In this case, a direct link to the site (http://paralleluniverse.co/) would be better. There is actual information there. To be fair, the first two words of the TC article were a link to the site. Signal to Noise over the first couple words of that article is quite high!
I remember years ago when a commenter on Techcrunch bashed an article and called Techcrunch "the special olympics of tech journalism." At the time, I thought it was an insult to Techcrunch. Now I realize it's an insult to the fine athletes of the Special Olympics.
It's being marketed as a database technology, but from a game development perspective it sounds more like "Engine" technology. The lines are admittedly blurry sometimes, but this doesn't seem to offer durability of data, which is what I think of when someone says "database" in the context of MMO servers. That said, the problems this is solving are important problems for any MMO server engine.
Requiring a JVM be embedded in your server is probably not going to go over well with many game developers. It's not initially going over well with me, but if I were currently trying to solve this problem, I would at least want to run some benchmarks against it.
I guess the big question I have is, how would this make existing MMOs better? If we take WoW as an example, dumping everyone into a single realm (shard) would solve the problem of wanting to play with your friends, who are on different realms. But 200x as many players competing for kills or standing around the auction house aren't going to make the game better. Most of your time would still be spent in instances, with a maximum of 25 players (40 if you go back in time - a case whre less massive was deemed more fun). And that's ignoring the problem of actually rendering that much stuff on the client.
I don't mean to sound overly critical, I could find ways to use this, but I'm not sure they're marketing it very well to MMO developers. Maybe the Eve guys would like it, but other than that game, I'm not sure the scaling problems MMOs have are the same scaling problems that this solves.
"Most of your time would still be spent in instances, with a maximum of 25 players (40 if you go back in time - a case whre less massive was deemed more fun). And that's ignoring the problem of actually rendering that much stuff on the client."
you haven't played Eve Online have you? Its a game that allows you to play, on the same "shard", with hundreds of players on grid at the same time, fighting it out.
Any tech that puts the massive back into MMO is good - lately, its all been instancing and sharding. That sort of game isn't MMO enough to make it MMO. In fact, i've been hearing lately, people calling Diablo 3 an MMO. What a farce.
I always thought instancing and sharding were solutions to the social aspects of server overpopulation - it's not fun to do a quest when you have to wait for spawns, etc.
I don't think it will make existing MMOs better. It will free them from the terrible restrictions that MMOs had to take on (like shards and instances) based on technology, rather than gameplay choice.
I'd be curious to hear more about what they're actually doing (technically speaking). Is this a wrapper around kd-trees, R-trees, and their friends and relatives? Is it something fancier?

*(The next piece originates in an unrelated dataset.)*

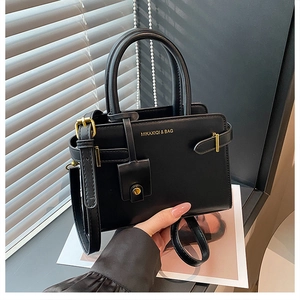 Détail du sac fourre-tout noir mat avec logo doré et petite pochette décorative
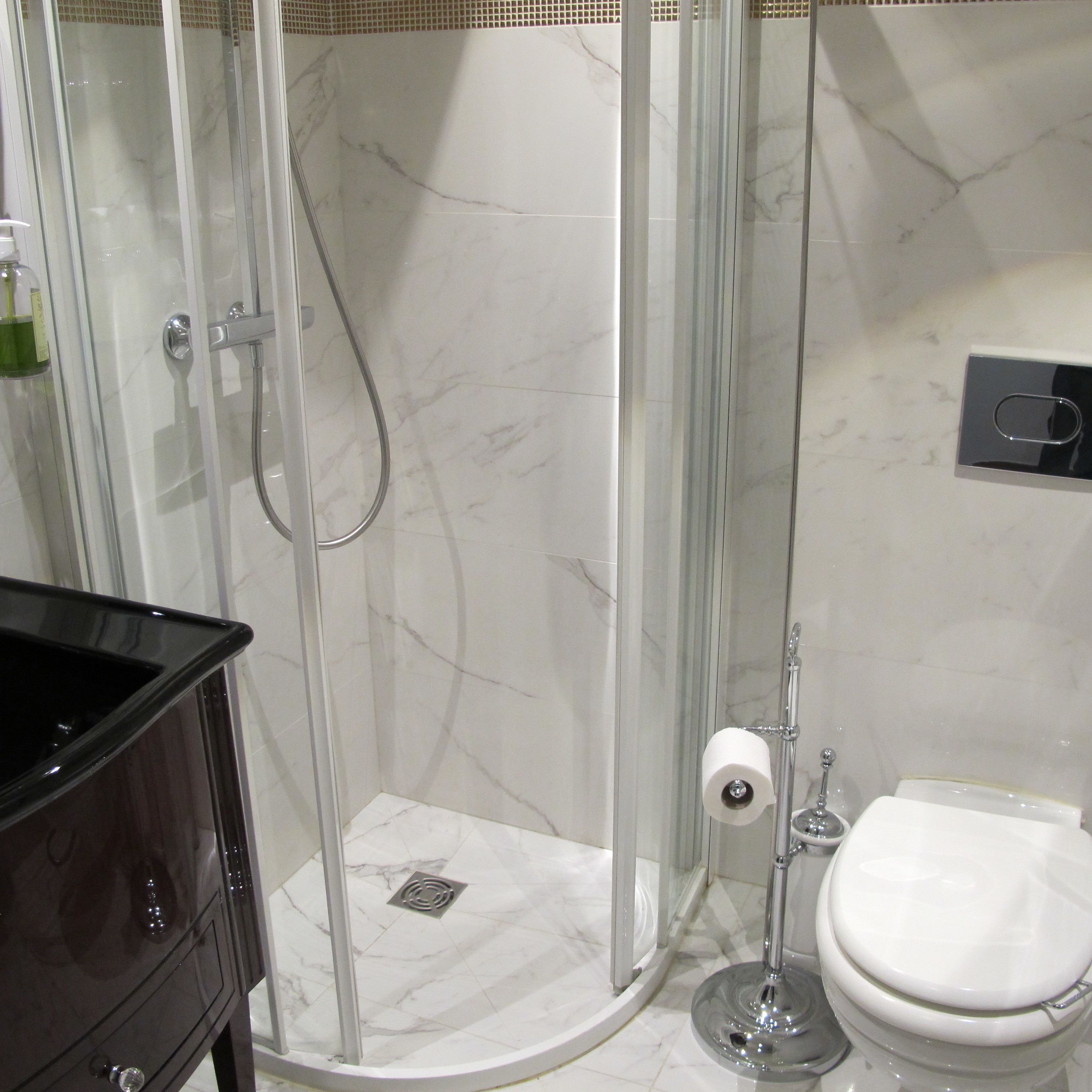 A bathroom with a glass-enclosed shower, a toilet, and a dark-colored vanity.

The spatial index is an R-tree variant that doesn't degrade and allows concurrent writes (multiples writers at a time, let alone readers). Readers don't block writers and don't use locks, while writers lock a small subset of the database for atomic transactions (one of the most common operations we need to support is a "move" of an object from one location to another - that has to be atomic).
For parallelization of queries and transactions we use fork-join.

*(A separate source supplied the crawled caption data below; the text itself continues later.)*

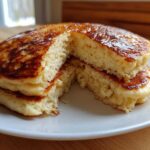 Close-up of fluffy coconut flour pancakes stacked and cut in half, showing the airy interior and golden syrup topping.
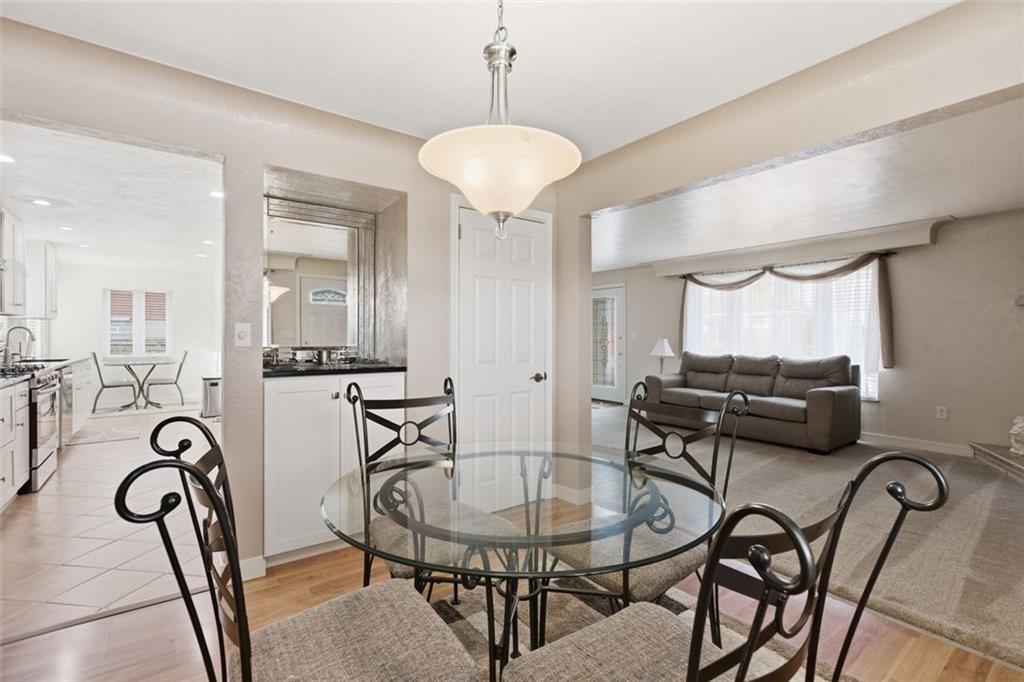120 Crestview Manor Monongahela, PA 15063 - Photo 17 of 39 a view of a dining room with furniture and wooden floor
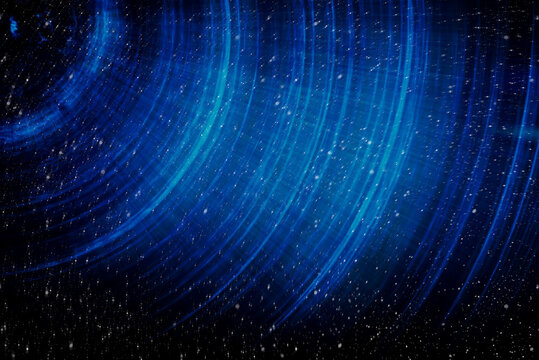 Blue abstract background with spiral pattern. Galaxies with stars and planets with circular motifs in deep blue lines of the universe night light space. No render.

As a longtime profesional game developer, I kind of don't get it. Is this company out of business as soon as Oracle implements a loose octree that is ACID? Is there something wrong with spatial hashing?
It depends on the requirements of your data model. Anybody with a modicum of competence can scale a point cloud but real-world non-point geometry models is where systems like Oracle have difficulty. Polygons, lines, vectors, etc are a real problem. So-called "spatial hashing" (it had a different name in the 1970s and again in the early 1990s -- the wheel of computer science) has a number of real limitations which is why it was never really used (Oracle has patents on it that have already expired!).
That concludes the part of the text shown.